A diretora técnica de produção de soros do Instituto Butantan, Fan Hui Wen, foi uma das convidadas do podcast Global Health Matters, produzido pelo Programa Especial para Pesquisa e Treinamento em Doenças Tropicais da Organização Mundial da Saúde (TDR/OMS). A iniciativa discute o combate a doenças tropicais negligenciadas, como os acidentes ofídicos, e faz parte das estratégias traçadas pela OMS para reduzir em 50% a mortalidade dos casos de envenenamento por picada de cobra e aumentar em 25% a disponibilidade de soros antivenenos em todo o mundo até 2030.

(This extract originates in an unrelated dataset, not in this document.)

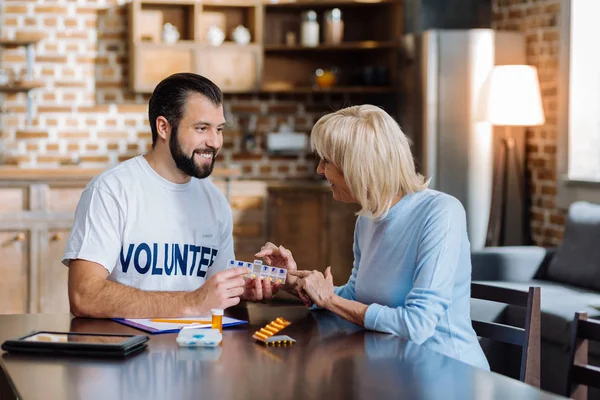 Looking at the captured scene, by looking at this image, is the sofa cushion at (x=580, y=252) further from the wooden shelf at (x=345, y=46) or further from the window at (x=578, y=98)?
the wooden shelf at (x=345, y=46)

Além da médica infectologista brasileira, outros dois especialistas participaram do episódio “Gurus das picadas de cobras revelam verdades não ditas”: o português Diogo Martins, da organização não governamental Wellcome Trust, e Thea Litschka-Koen, fundadora e presidente da Eswatini Antivenom Foundation em Essuatíni, na África. Mediados pelo apresentador Garry Aslanyan, integrante do TDR/OMS e um dos mais reconhecidos líderes em saúde pública do mundo, os profissionais abordaram pontos considerados essenciais para que o ofidismo seja devidamente reconhecido e, consequentemente, tratado com sucesso.
Anualmente, o Instituto Butantan produz cerca de 600 mil ampolas de soros antiveneno
“Minha opinião é que ter uma boa distribuição de soros e profissionais de saúde bem treinados são componentes essenciais para o sucesso do controle do envenenamento por picadas de cobra”, disse Fan ao comentar algumas das complexidades associadas à produção e administração dos soros hiperimunes. No Brasil, atualmente os antivenenos só podem ser administrados por um médico em ambiente hospitalar, porém nem sempre há profissionais disponíveis ou uma estrutura de saúde a uma distância acessível.
Em 2021, por exemplo, quase 35% dos acidentes ofídicos foram registrados no Norte do país, de acordo com o Ministério da Saúde. A região tem a maior concentração de terras indígenas, unidades de conservação, assentamentos rurais e comunidades quilombolas do Brasil. Nessas áreas, onde muitas vezes o acesso à energia elétrica é desigual e escasso, a chegada e a conservação do soro são dificultadas, comprometendo a universalidade e o acesso ao tratamento.
A médica infectologista Fan Hui Wen está à frente da produção de soros hiperimunes do Butantan
Compromisso com a saúde pública
Ao longo da entrevista, Fan comentou sobre o papel desempenhado na América Latina pelos laboratórios públicos, como o Instituto Butantan, que são essenciais para o abastecimento da região. Sob a coordenação do Centro Pan-Americano de Febre Aftosa, desde 2018 os 13 produtores do continente atuam em uma grande rede de cooperação. O objetivo da iniciativa é compartilhar experiências, promover seminários e treinamentos, preparar diretrizes e desenvolver estudos clínicos, epidemiológicos e clínicos para o controle dos acidentes ofídicos na área.
“A solidariedade é a marca registrada dos laboratórios públicos de antiveneno em nossa região. Além do fornecimento do produto, acreditamos que o modelo como temos trabalhado nesses anos é uma forma de outros países alcançarem ou desenvolverem suas próprias curvas de aprendizado, considerando seus aspectos locais e culturais”, afirmou.
Disponível nos principais tocadores, como Apple Podcasts, Spotify, Google Podcasts e Amazon Music, o programa Global Health Matters tem linguagem simples e de fácil compreensão, sendo recomendado para profissionais de saúde e para o público em geral. Apesar de gravado em inglês, há uma versão legendada e transcrição em português no site oficial da TDR.
A OMS estima que 5,4 milhões de pessoas são picadas por cobras anualmente em todo o mundo. Dessas, mais de 400 mil vivem o resto de suas vidas com sequelas graves, enquanto outras 100 mil acabam morrendo por conta do envenenamento – especialistas acreditam que os números são subestimados. Só no Brasil, mais de 31 mil casos foram registrados em 2021.
Além de fornecer o soro antiveneno ao Ministério da Saúde, o Butantan contribui de diversas maneiras no combate ao ofidismo. Nos últimos tempos, o Instituto colaborou na atualização do guia de controle e produção de qualidade dos soros da OMS e na elaboração de um guia de diagnóstico e tratamento de acidentes por picadas de cobra na América Latina. De acordo com Fan, tais contribuições são um aceno ao reconhecimento e à competência centenária da instituição no estudo e desenvolvimento do produto.